> Exercise instructions: From the first line to the last, give the data again exactly.

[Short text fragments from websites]
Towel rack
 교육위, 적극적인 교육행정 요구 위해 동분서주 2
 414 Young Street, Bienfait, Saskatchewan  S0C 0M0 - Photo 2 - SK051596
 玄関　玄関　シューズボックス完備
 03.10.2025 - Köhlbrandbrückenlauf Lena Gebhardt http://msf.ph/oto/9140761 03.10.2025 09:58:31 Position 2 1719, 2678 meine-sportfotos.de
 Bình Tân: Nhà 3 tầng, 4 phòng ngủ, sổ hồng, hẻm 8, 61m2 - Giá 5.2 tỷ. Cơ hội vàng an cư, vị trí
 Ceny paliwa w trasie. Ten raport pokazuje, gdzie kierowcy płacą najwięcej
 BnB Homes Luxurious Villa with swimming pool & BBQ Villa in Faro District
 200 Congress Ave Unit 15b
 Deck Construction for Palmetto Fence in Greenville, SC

> Reply to the exercise:
Towel rack
 교육위, 적극적인 교육행정 요구 위해 동분서주 2
 414 Young Street, Bienfait, Saskatchewan  S0C 0M0 - Photo 2 - SK051596
 玄関　玄関　シューズボックス完備
 03.10.2025 - Köhlbrandbrückenlauf Lena Gebhardt http://msf.ph/oto/9140761 03.10.2025 09:58:31 Position 2 1719, 2678 meine-sportfotos.de
 Bình Tân: Nhà 3 tầng, 4 phòng ngủ, sổ hồng, hẻm 8, 61m2 - Giá 5.2 tỷ. Cơ hội vàng an cư, vị trí
 Ceny paliwa w trasie. Ten raport pokazuje, gdzie kierowcy płacą najwięcej
 BnB Homes Luxurious Villa with swimming pool & BBQ Villa in Faro District
 200 Congress Ave Unit 15b
 Deck Construction for Palmetto Fence in Greenville, SC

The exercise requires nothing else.